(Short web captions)
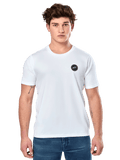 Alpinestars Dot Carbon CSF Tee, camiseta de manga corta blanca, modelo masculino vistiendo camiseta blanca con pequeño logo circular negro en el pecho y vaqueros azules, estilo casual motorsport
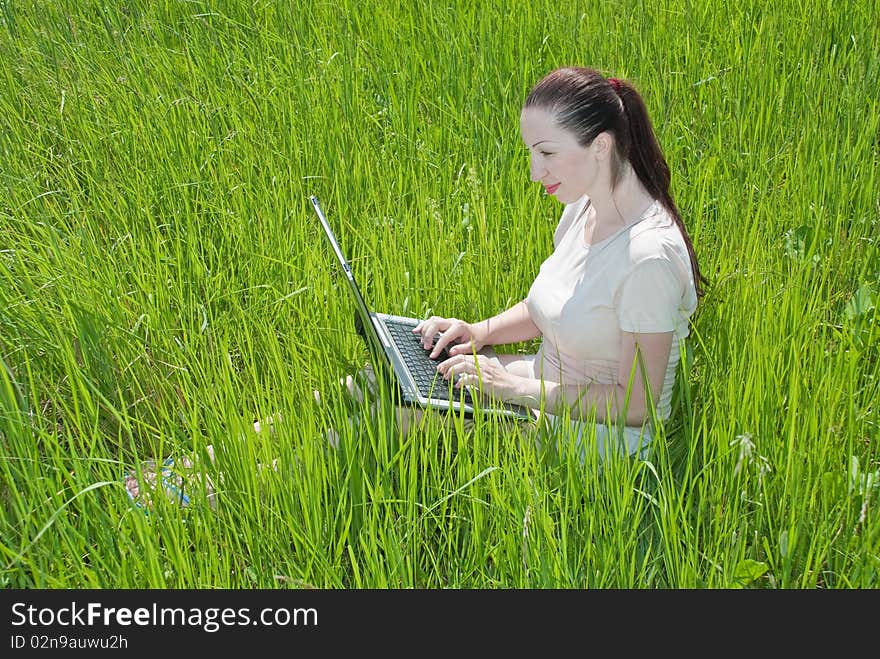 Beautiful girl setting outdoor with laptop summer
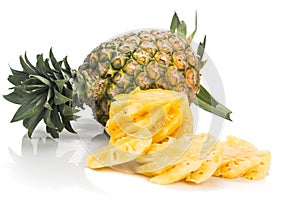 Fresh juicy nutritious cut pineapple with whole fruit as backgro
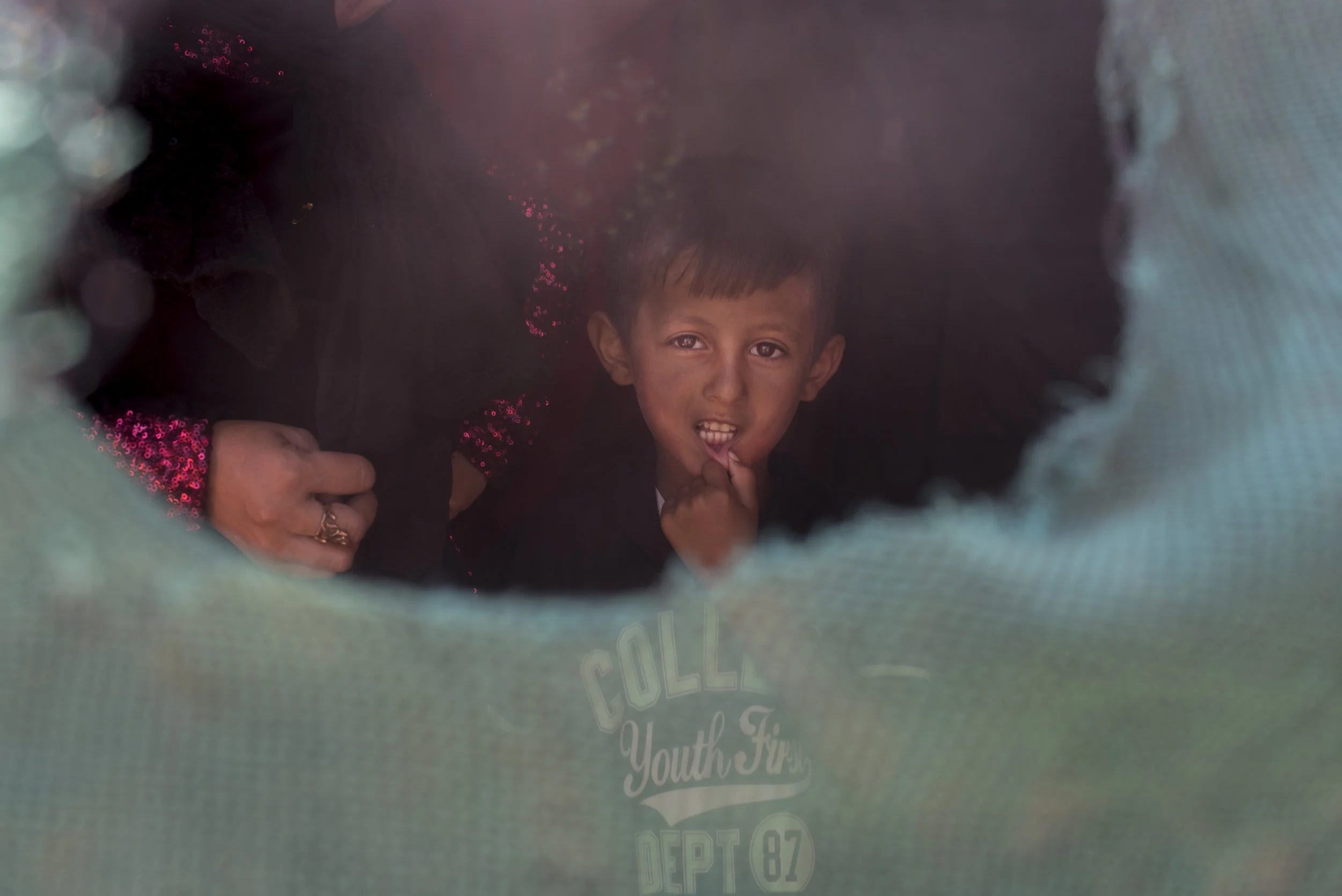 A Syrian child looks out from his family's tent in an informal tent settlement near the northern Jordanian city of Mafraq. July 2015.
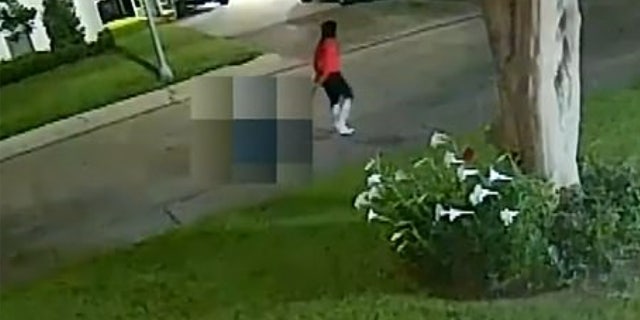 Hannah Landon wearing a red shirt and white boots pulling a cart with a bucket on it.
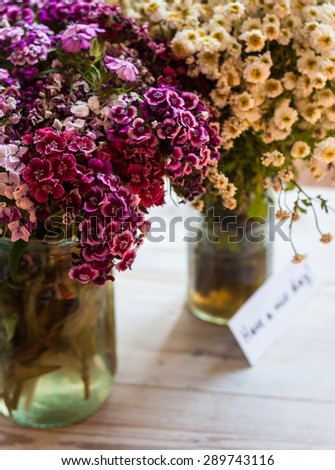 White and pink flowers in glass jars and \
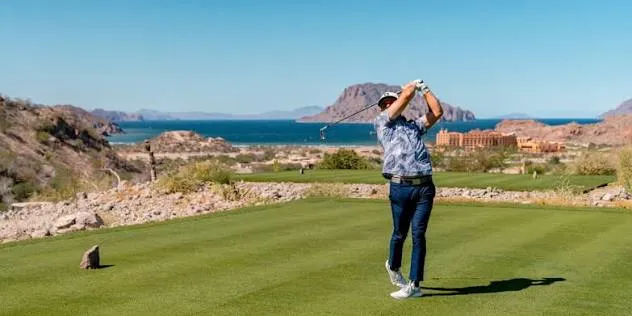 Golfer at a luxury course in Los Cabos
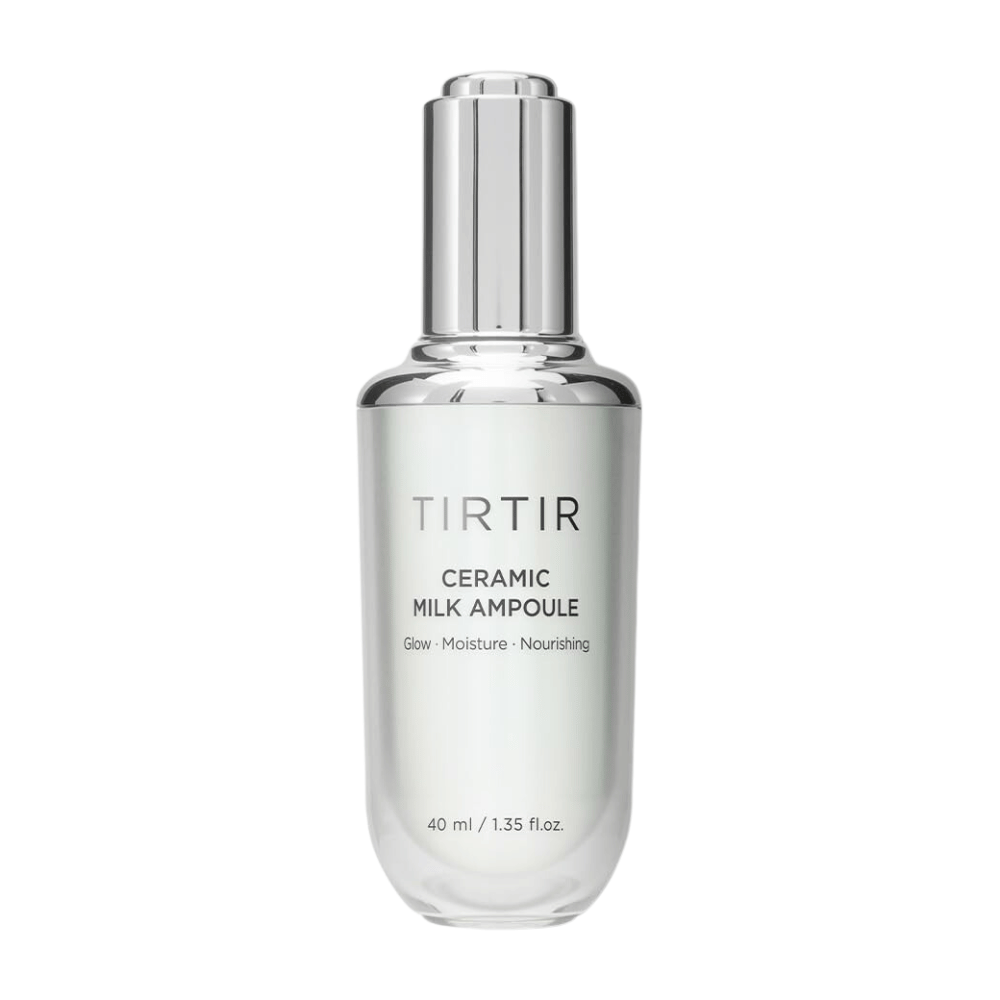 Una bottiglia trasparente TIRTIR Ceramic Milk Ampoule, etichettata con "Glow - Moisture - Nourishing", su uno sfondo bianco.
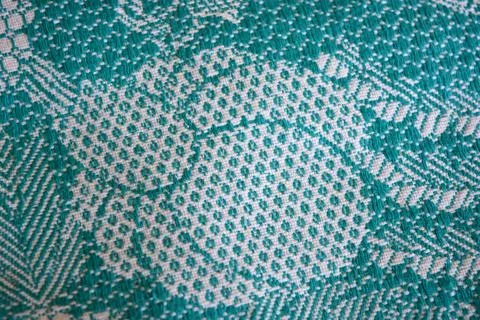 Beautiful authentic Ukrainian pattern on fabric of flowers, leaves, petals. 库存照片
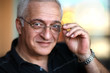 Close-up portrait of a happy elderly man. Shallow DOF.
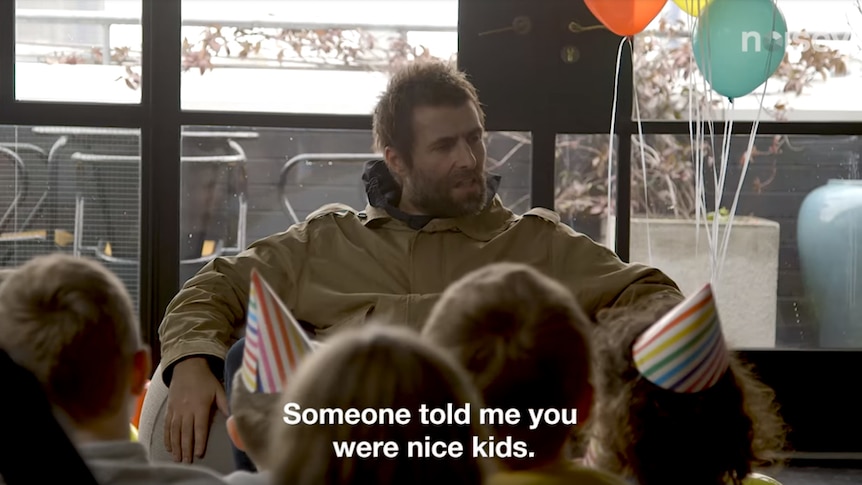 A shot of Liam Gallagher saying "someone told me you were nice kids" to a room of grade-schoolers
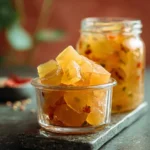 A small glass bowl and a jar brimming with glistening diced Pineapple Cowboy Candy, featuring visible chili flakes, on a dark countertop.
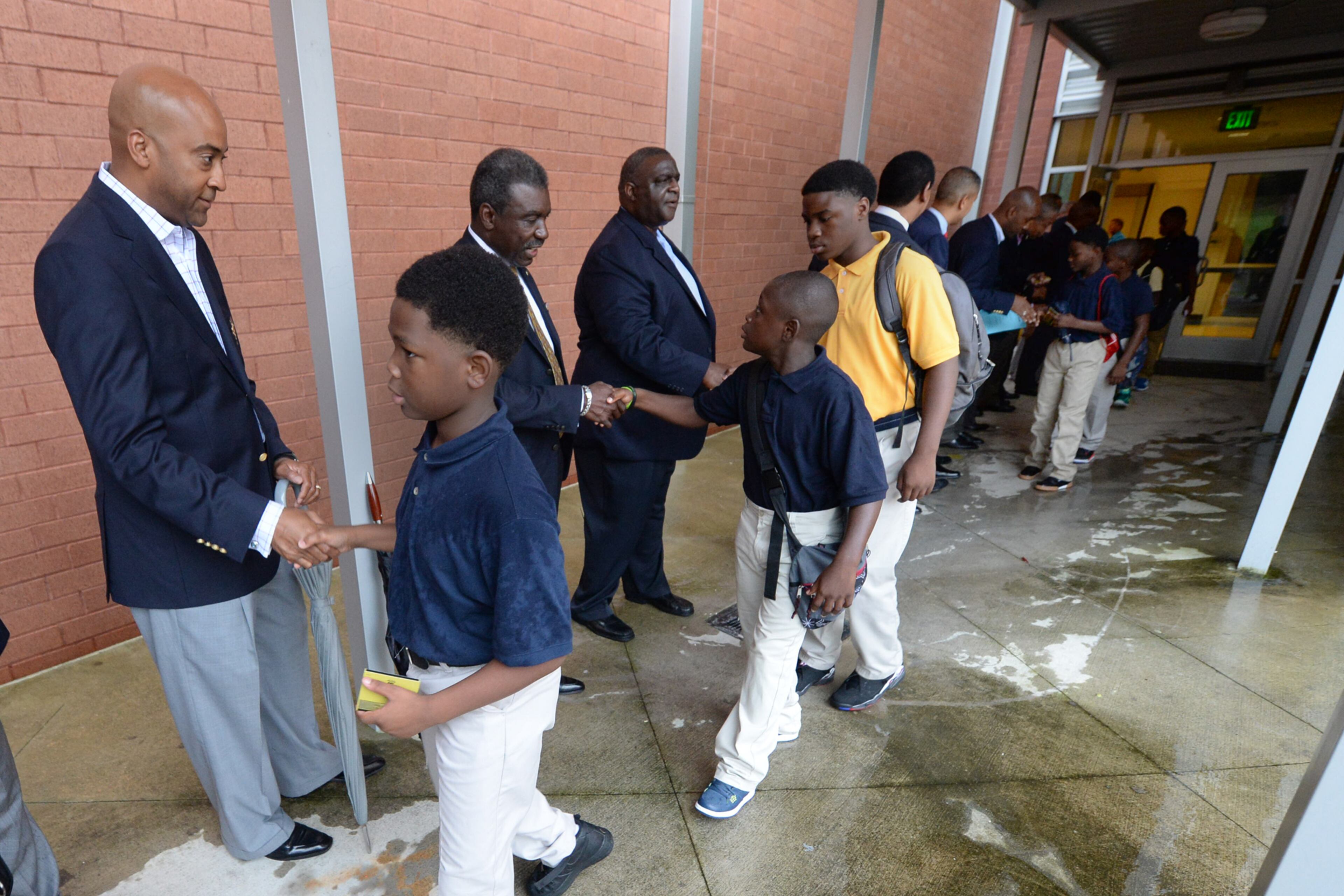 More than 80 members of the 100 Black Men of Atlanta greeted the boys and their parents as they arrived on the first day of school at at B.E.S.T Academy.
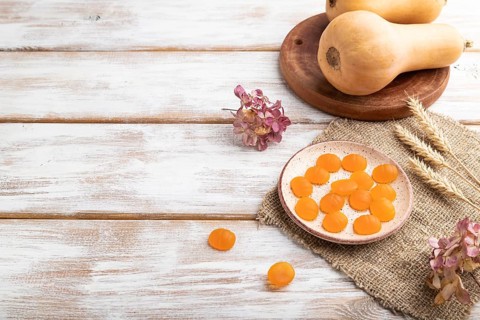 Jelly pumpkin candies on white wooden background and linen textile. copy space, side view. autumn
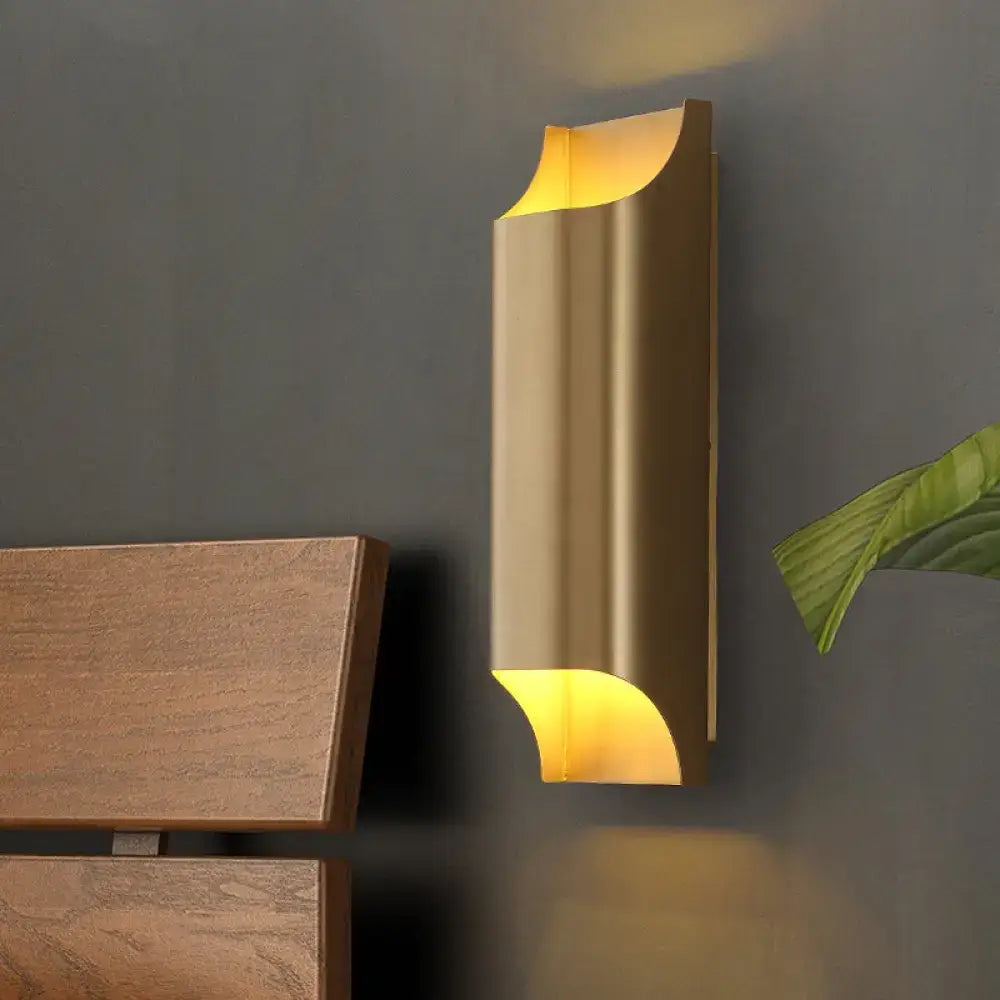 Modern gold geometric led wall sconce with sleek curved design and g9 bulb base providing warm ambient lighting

What the task requires
What is needed is an exact copy of only the lines from the line containing "More than 80" through the last line of the entries, inclusive, without the pictures.

Task output
 More than 80 members of the 100 Black Men of Atlanta greeted the boys and their parents as they arrived on the first day of school at at B.E.S.T Academy.
 Jelly pumpkin candies on white wooden background and linen textile. copy space, side view. autumn
 Modern gold geometric led wall sconce with sleek curved design and g9 bulb base providing warm ambient lighting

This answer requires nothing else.